With Maltodextrin as the only carb source it's not the best of gainers out there. Could use it for a post workout shake I guess.

Had to laugh at the review by Nigel....

"I have been taking this stuff for about 3months now and have put on 2 stone in muscle"

2 stone of muscle in three months!! :laugh: :lol: :lol: :lol:


----------



## Suprakill4 (Jul 11, 2008)

GunnaGetBig said:


> With Maltodextrin as the only carb source it's not the best of gainers out there. Could use it for a post workout shake I guess.
> 
> Had to laugh at the review by Nigel....
> 
> ...


 :lol: :lol: :lol: :lol: HAAAAAAAAAAAAA

Some of the reviews are hilarious mate. they make it sound like a miracle.


----------



## dsldude (Sep 11, 2008)

You only need fast acting sugar carbs like maltodextrin after a workout.
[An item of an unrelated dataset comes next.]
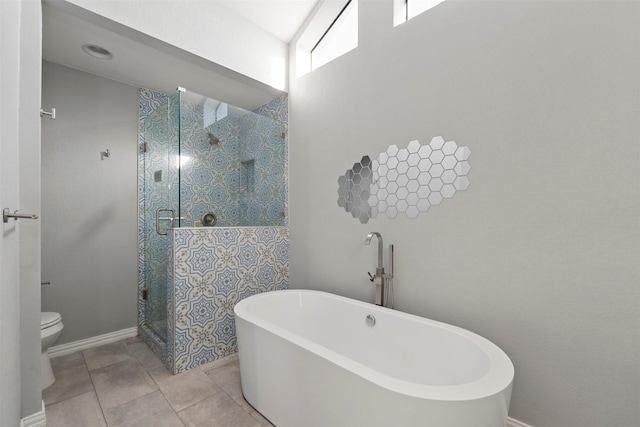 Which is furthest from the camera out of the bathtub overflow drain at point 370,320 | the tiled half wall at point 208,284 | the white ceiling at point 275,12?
the white ceiling at point 275,12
I would go with the MRP instead it has wholegrain barley providing low glycemic carbohydrates, just use it like you would along side regular meals.

http://www.superfit.co.uk/nutrisport-mrp-60-30-2-5kg-5-5lb.html

I would go for chocolate though cause I have had banana and its

rank.


----------



## Galtonator (Jul 21, 2004)

nutrisport is like marmite. Some love it some hate it


----------